While I'm fully aware that Christmas is very commercialized in the United States (and other western countries that celebrate it), there are usually some indications of emotional depth. People may be nicer at times or more helpful. You can perhaps even catch a whiff of the essence of the spirit of giving if you're lucky and not so mired in cynicism that you have the equivalent of a spiritual clothespin over your nose.

When I first arrived in Japan, I used to try and "make" a holiday for myself in spite of the shallow observance of it around me. I used to try and connect with people back home over the holidays and I'd decorate the apartment relatively lavishly. I'd go out of my way to make copious amounts of goodies for friends and coworkers. I'd special order a turkey expensively from the FBC deli and make a special meal.

After nearly a decade of sending out tons of Christmas cards and getting a smattering back, being around foreign coworkers who were indifferent to the holidays (or outright grumpy), having to work on Christmas day, and feeling increasingly disconnected from the U.S., I gave up.

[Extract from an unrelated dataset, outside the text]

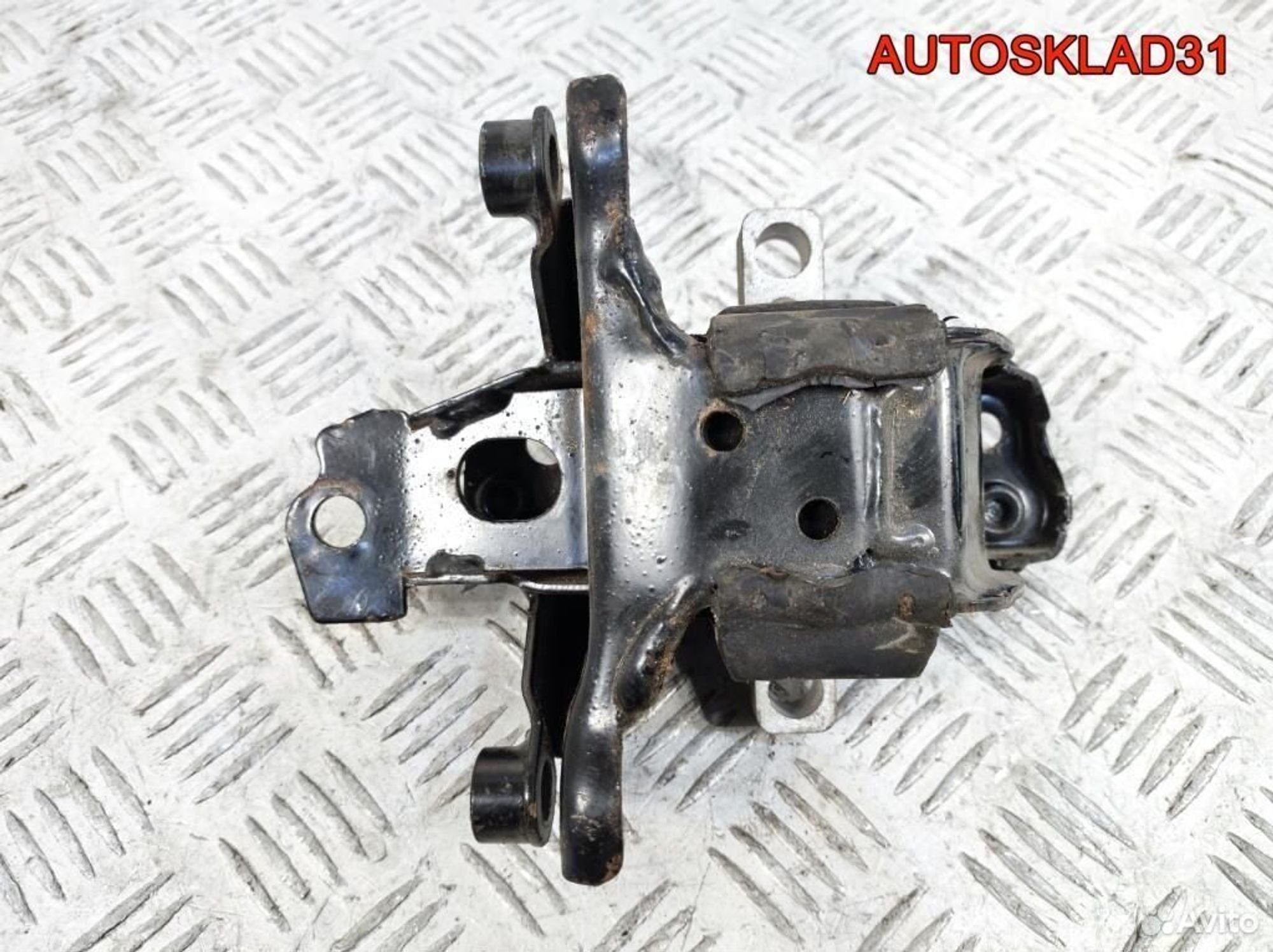 Опора кпп левая Volkswagen Polo 6Q0199555AD, 2600 рублей, Дубовое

I can't even bring myself to take the decorations out of the closet this year, let alone put them up. The only thing I'm doing this year is make cookies for my husband to give his students and I'm having a lot of difficulty getting the energy to do that. I don't do it out of any sense of holiday spirit but mainly because I love my husband and want him to have the pleasure of doling out goodies to his students.

What I've learned is that there are limits to weaving a pocket of western culture in Japan and you hit them pretty hard around the holidays. There aren't really any Japanese holidays which have the same depth of sentiment as Christmas, not even among the Japanese themselves. In my lesson where I discuss every holiday throughout the year with students, none of them seem to have much of a serious affinity for any particular day although they do like the extended time off they get for New Year's vacation. So, it doesn't seem likely that I would be able to try to integrate myself more fully with the culture to find the sense I'm missing elsewhere.

It's rather depressing, to be honest. Still, at least I can run around with a bizarre spiky ice creature with an oddly happy-looking snowman head, drink virtual nog and get virtually drunk, and have virtual snowball fights. It's better than nothing, but not by much.


Helen said...

Oh no!

I do understand what you mean though. I think for the foreign women I know over here who have children it's a little bit easier to keep the Christmas Spirit going. They do it for them. I do it for my husband, but he doesn't really get it....despite him spending a Christmas in Canada with my family once. He was amazed by the festivities, but it's been a couple of years and the memory has faded.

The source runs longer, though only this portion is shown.